Assigned task — The reply is to be the lines from the one with "Eco-friendly toiletries, hair" through the last line of the records below, each retyped exactly, with pictures left out.
-- Data follows --
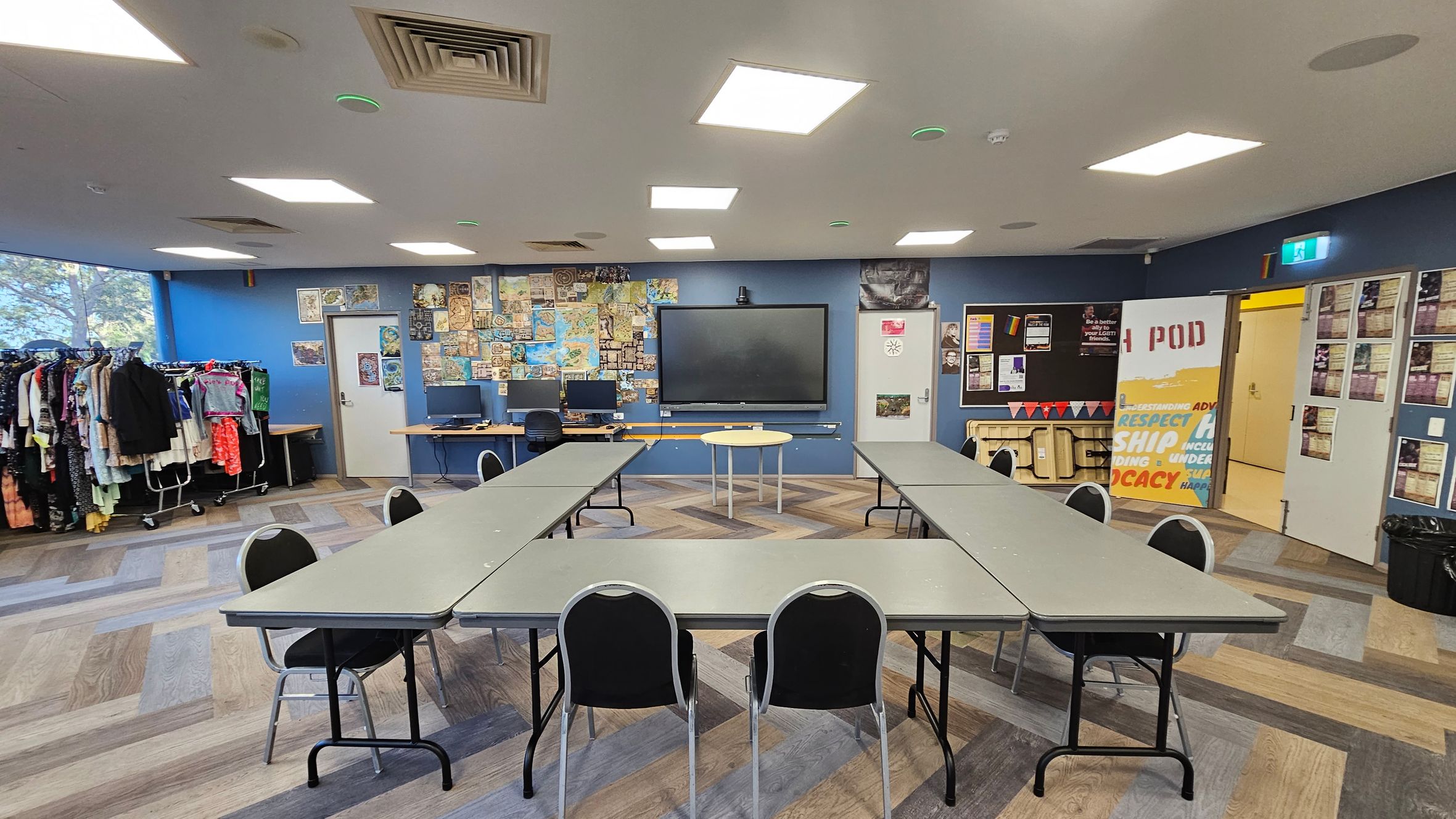 A room with a U-shaped arrangement of tables and chairs in the centre. The floor has a multicoloured wood pattern. The back wall is blue, featuring a large display screen flanked by two computers on a desk. Posters and maps cover the wall. On the left, clothing racks are filled with various garments. On the right, a door with a "POD" sign and a bulletin board with notices. The ceiling has square lights and air vents. A room with a U-shaped arrangement of tables and chairs in the centre. The floor has a multicoloured wood pattern. The back wall is blue, featuring a large display screen flanked by two computers on a desk. Posters and maps cover the wall. On the left, clothing racks are filled with various garments. On the right, a door with a "POD" sign and a bulletin board with notices. The ceiling has square lights and air vents.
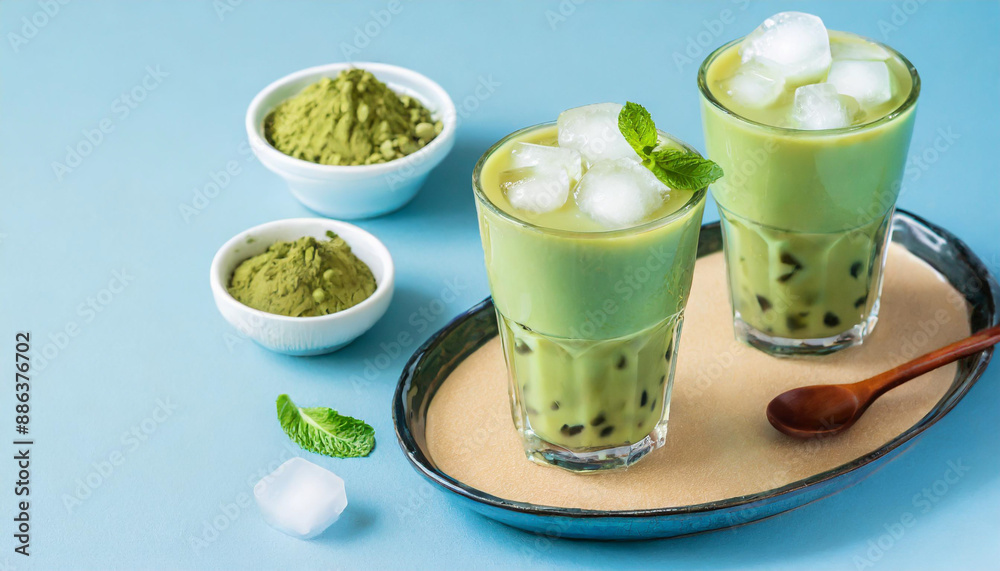 Green matcha bubble tea with ice cubes in cup on blue background. Antioxidant and dietary vegan cocktail for healthy breakfast or snack. Green matcha bubble tea with ice cubes in cup on blue background. Antioxidant and dietary vegan cocktail for healthy breakfast or snack.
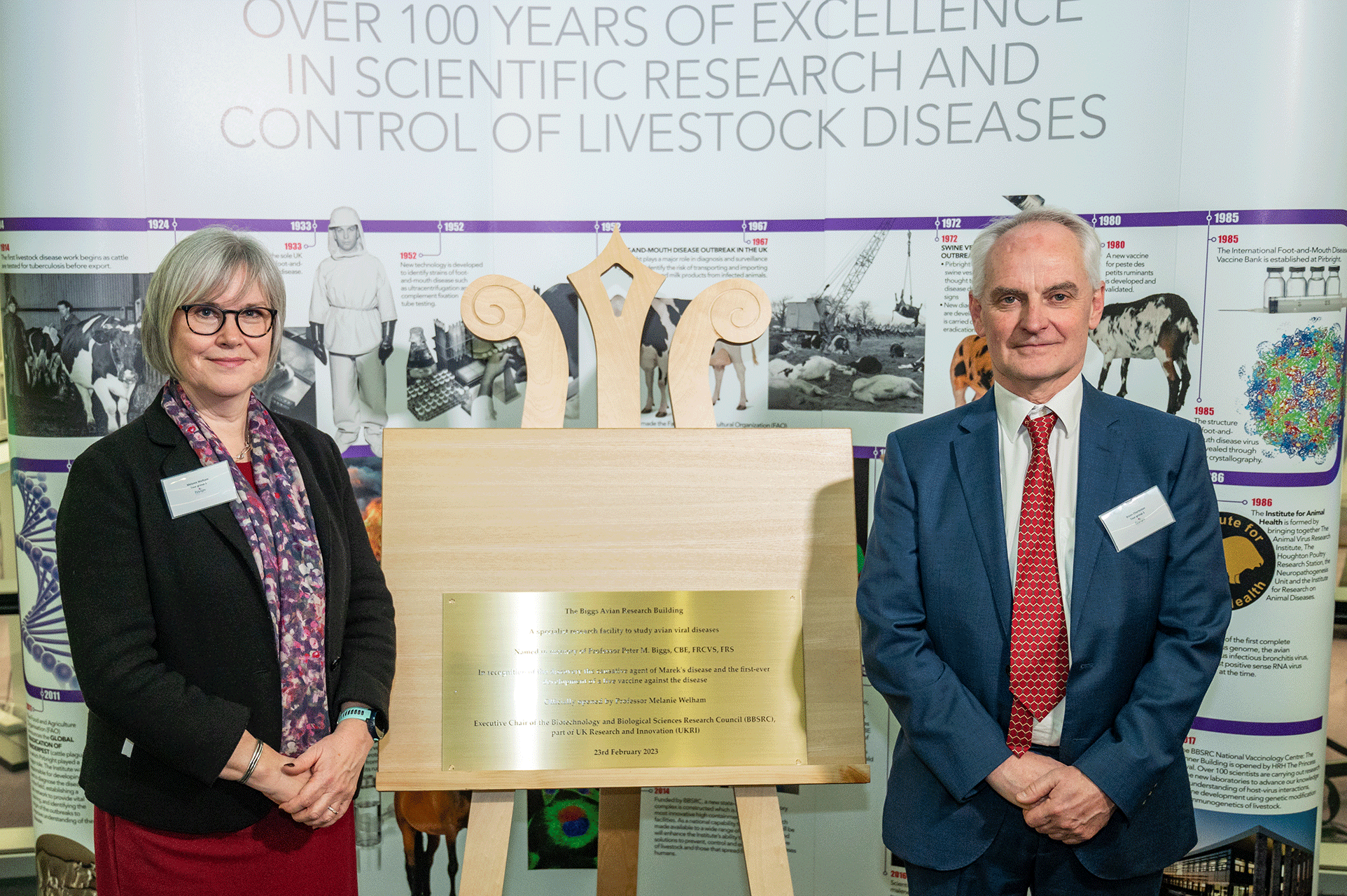 Melanie Welham and Bryan Charleston stood either side of an easel stand which holds a brass plaque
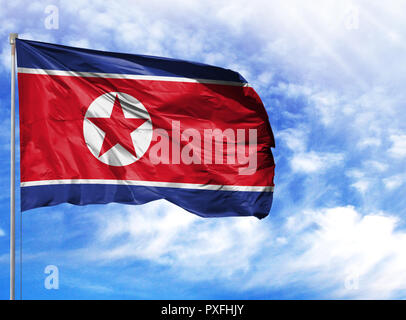 Nationalflagge von Nordkorea auf einem Fahnenmast vor blauem Himmel. Stockfoto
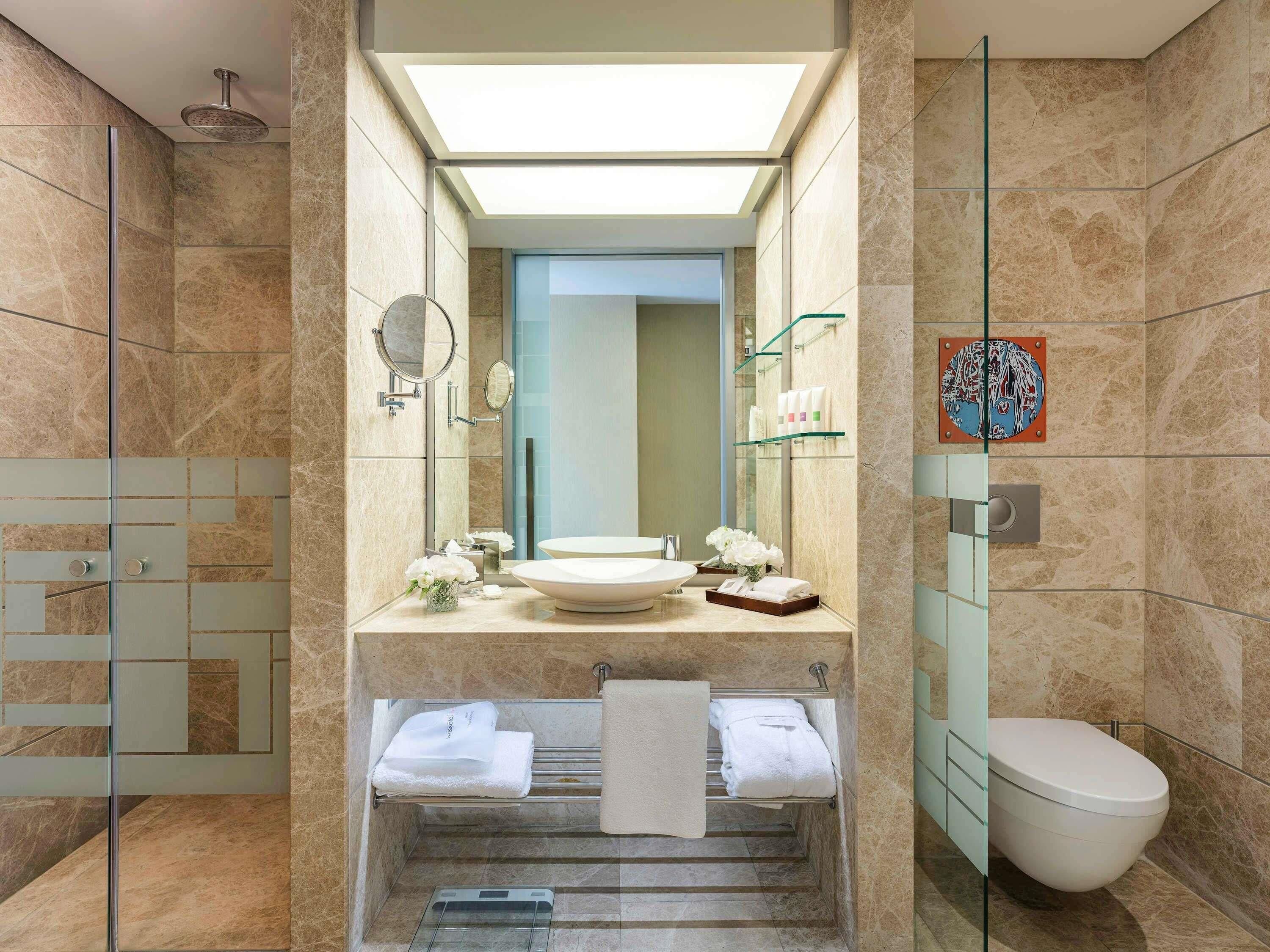 Eco-friendly toiletries, hair dryer, bathrobes, slippers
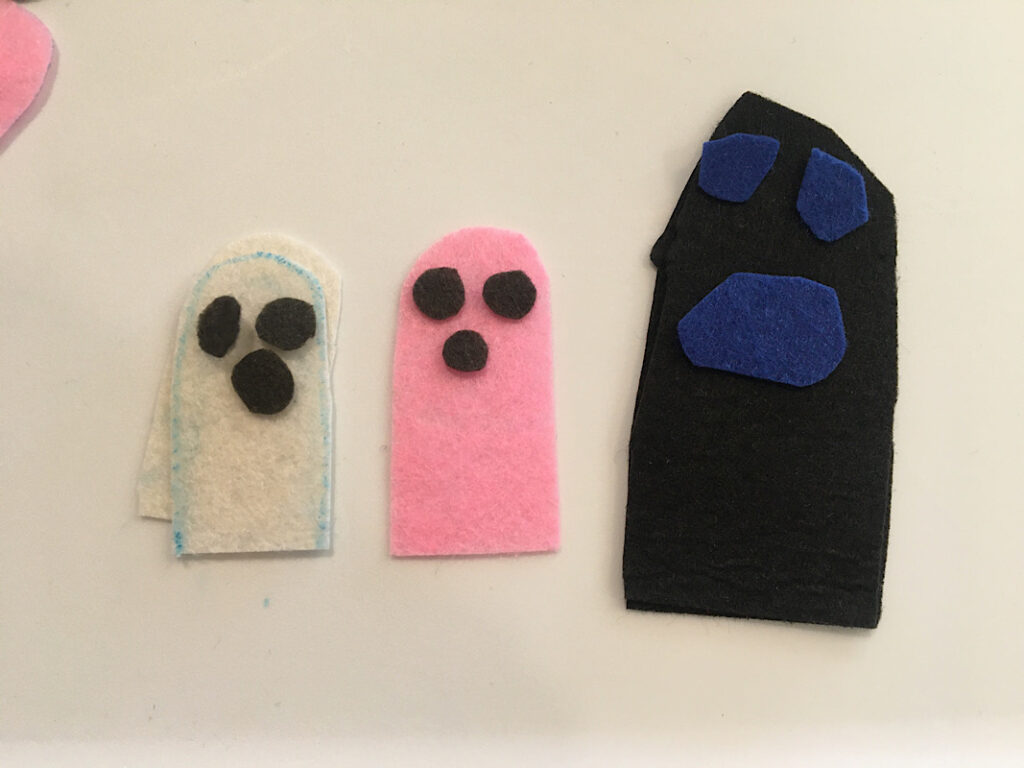 three ghost finger puppets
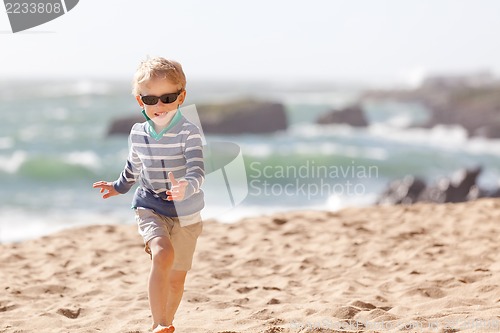 Image of little boy at the beach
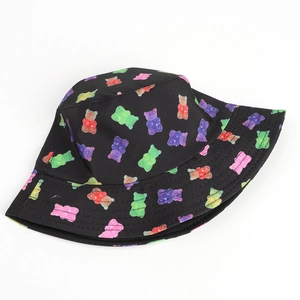 Black canvas bucket hat for women with colorful gummy bear prints on a white background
-- Data concluded --
Output for this exercise —
 Eco-friendly toiletries, hair dryer, bathrobes, slippers
 three ghost finger puppets
 Image of little boy at the beach
 Black canvas bucket hat for women with colorful gummy bear prints on a white background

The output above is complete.